Mathematics has long been built on the sturdy foundation of intuition. From counting pebbles to solving complex equations, mathematicians have relied on their inner compass to navigate the abstract landscapes of numbers and shapes. But as the 19th century dawned, something intriguing and unsettling began to occur – mathematics, the bedrock of human knowledge, was on the brink of a seismic shift.
This piece goes into how this happened, what changed - and its consequences. Though I might not know a lot of mathematics, I firmly believe that this is one of the most interesting (while being accessible) parts of mathematics.
All of this begins with arguably the most famous paradox in mathematics, logic, and the like - the Russell’s paradox.
Russell’s Paradox
Let \(A\) be the set of all sets that do not contain themselves. Does \(A\) contain itself?
\[ A = \{x : x \not\in x\} \text{. Is } A \in A? \]
Well, if \(A \in A\) then by the definition of \(A\), we get \(A \not \in A\). But if \(A \not\in A\) then \(A \in A\). Poof.

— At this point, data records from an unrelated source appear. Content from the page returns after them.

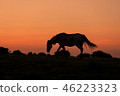 Wild Horse at Sunset 46223323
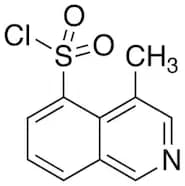 5-Chlorosulfonyl-4-methylisoquinoline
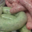 Boucherie De Bas En Basset. Saucisses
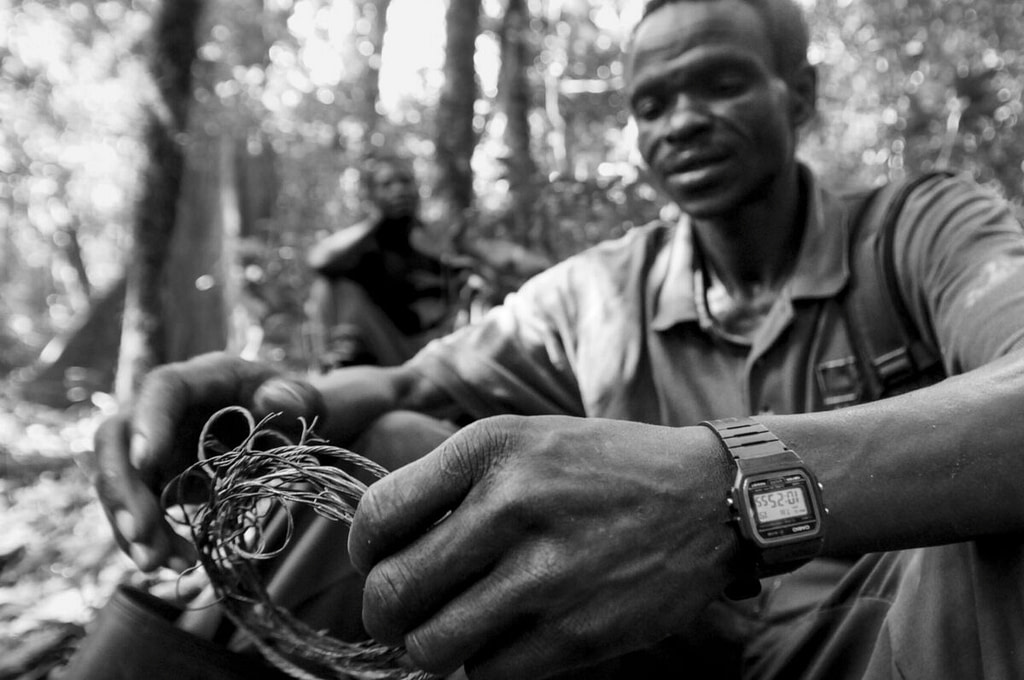 The Eco Guards Protecting Uganda’s Budongo Forest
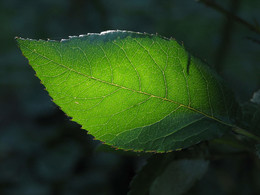 Es werde Licht! / ***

This called for a need for formalism - intuition was just not enough. Here came Axiomatic Set Theory - one of the most famous systems of Axiomatic Set Theory is the Zermelo Fraenkel set theory. (Do click the link and read the axioms - they are fun! And everything makes sense at the end.)

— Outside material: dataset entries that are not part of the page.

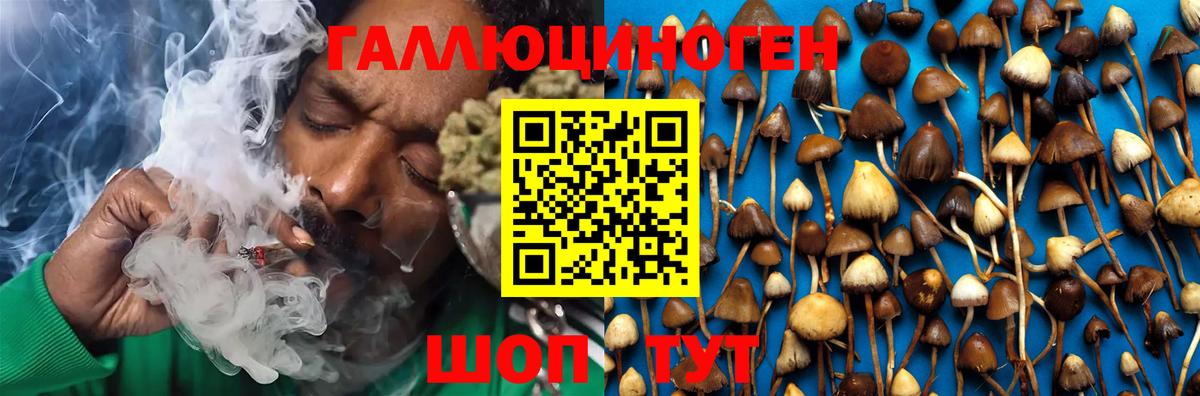Галлюциногенные грибы Cubensis Кимры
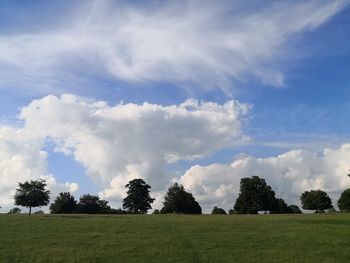 Trees on field against sky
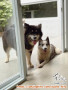Malamute mix dan Husky mix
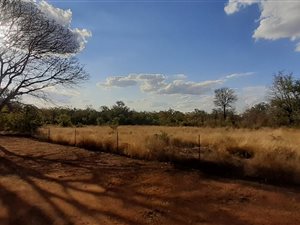 22.6 ha Farm in Phalaborwa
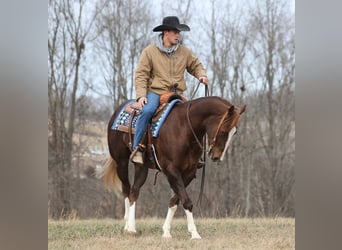 caballo de tiro, Caballo castrado, 10 años, Alazán-tostado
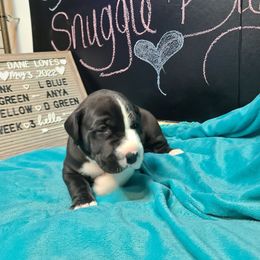 Great Dane Puppies from Lil Dane Loves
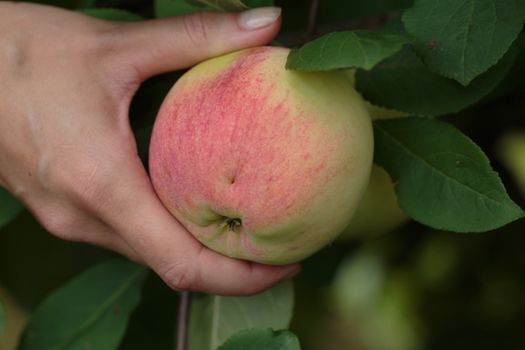 Woman's hand holding a ripening apple. Horticulture, harvest, local farmer concept. Shallow depth of field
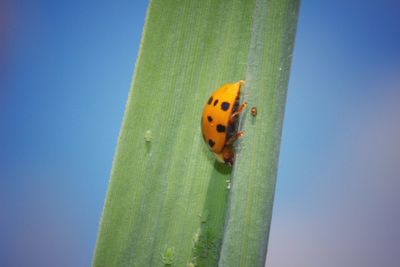 Close-up of ladybug on leaf against blue sky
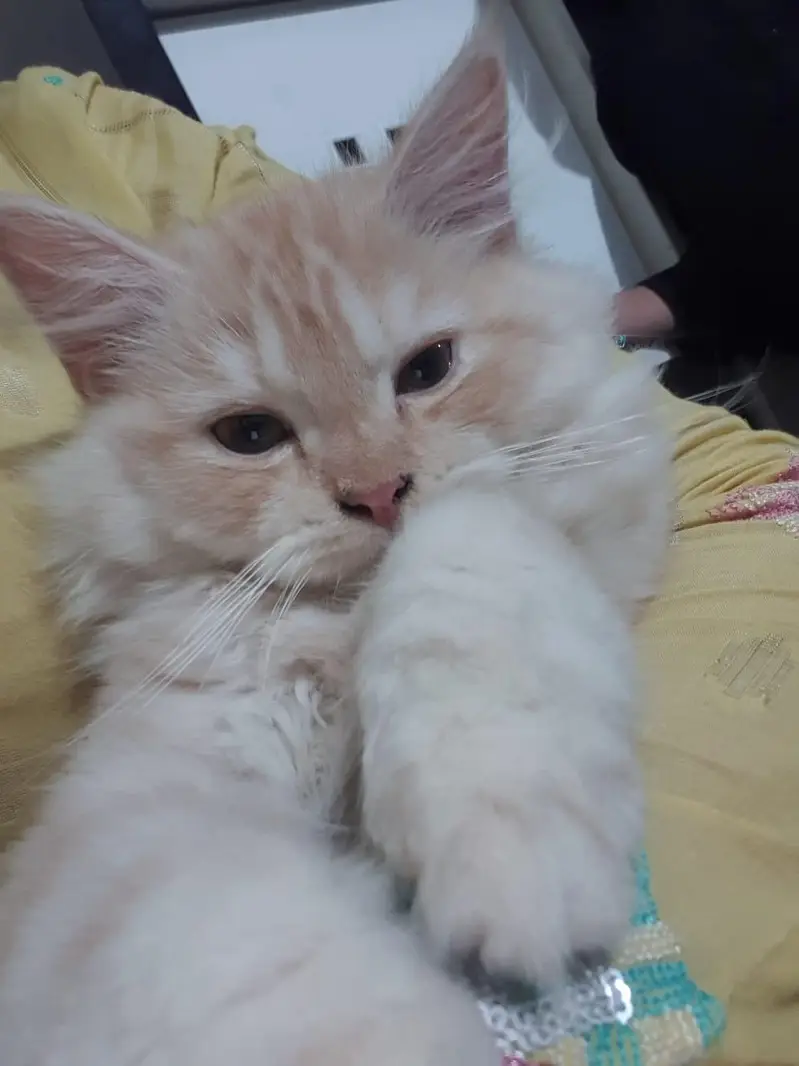 Persian cat triple coat — photo 2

Well, how does the Russell’s paradox get resolved? One of the axioms deals with this head-on.
Axiom Schema of Specification / Axiom of Restricted Comprehension
Given a parent set \(z\) we can construct a subset \(S \subseteq z\) such that
\[ S = \{x \in z : \varphi(x)\} \]
Although this defines how we can create subsets from a parent set, it DOESN’T talk about creating sets of elements that follow a formula. Infact, we will need a sort of \(\text{``set of all sets: X"}\) to talk about creating sets out of thin air.

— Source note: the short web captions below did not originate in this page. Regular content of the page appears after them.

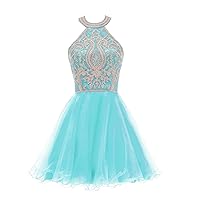 Short Cocktail Party Dresses for Women Tulle Gold Appliques Prom Gowns Turquoise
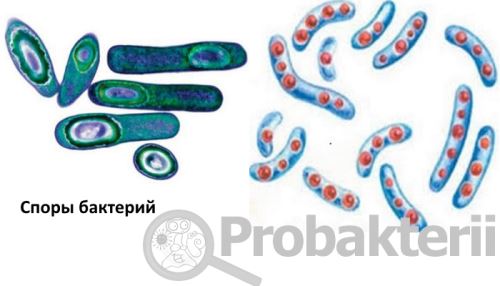 Ядра не имеют клетки 1)растений.2)животных.3)грибов.4)бактерий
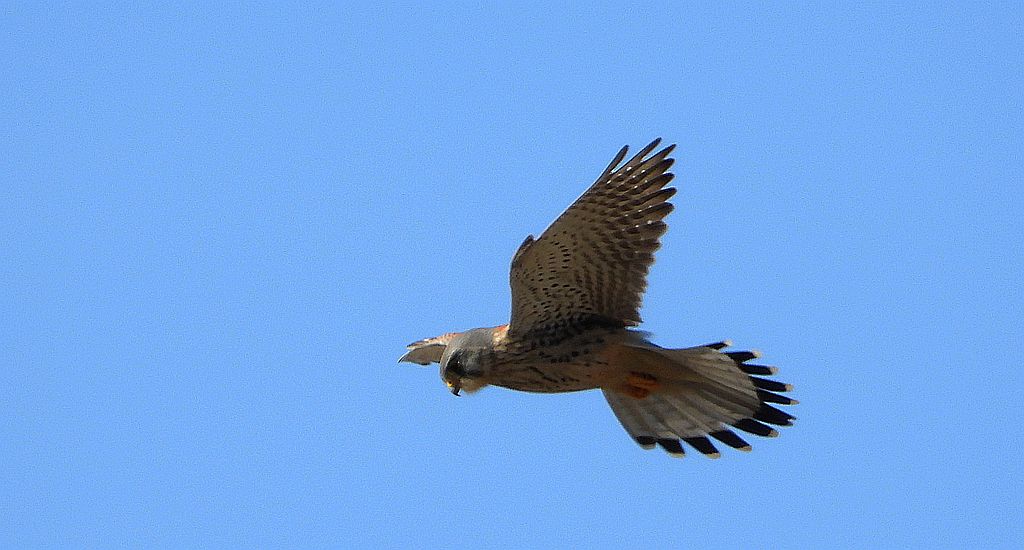 Pustułka zwyczajna, pustułka (Falco tinnunculus)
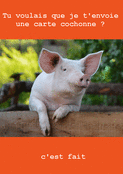 Une carte cochon pour rigoler entre amis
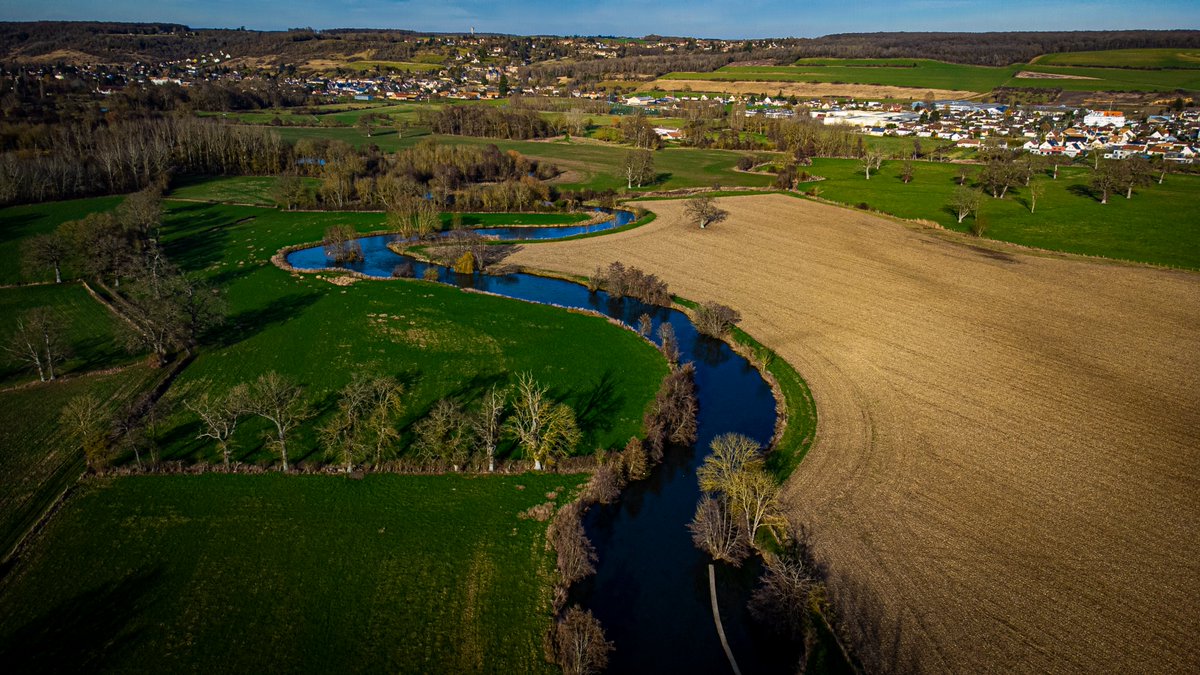 Elodie Montharoux tweet media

However this is NOT a set (In \(\text{ZF}\)) . How do we prove this? Well, if \(X\) is the set of all sets, then \(P(X) \in X\) which means there exists an injective function from \(f:P(X)\to X\). But we know by Theorem 3 that \(P(X) >_{c} X\). This is a Class.
Axiom of Choice
Let \(I\) be an index set with a family of sets indexed on this index set \(\{A_i\}_{i \in I}\). Then there exists a choice function \(f:I \to A = \cup_{i \in I} A_i\) such that \(f(i) \in A_i \ \forall i \in I\).
This makes “intuitive” sense and is something that “should” be true. However, this is an independent statement in \(\text{ZF}\), which is to say - we CANNOT prove this by ONLY using the axioms of \(\text{ZF}\). There is an equivalent formulation of this axiom (which is used more often)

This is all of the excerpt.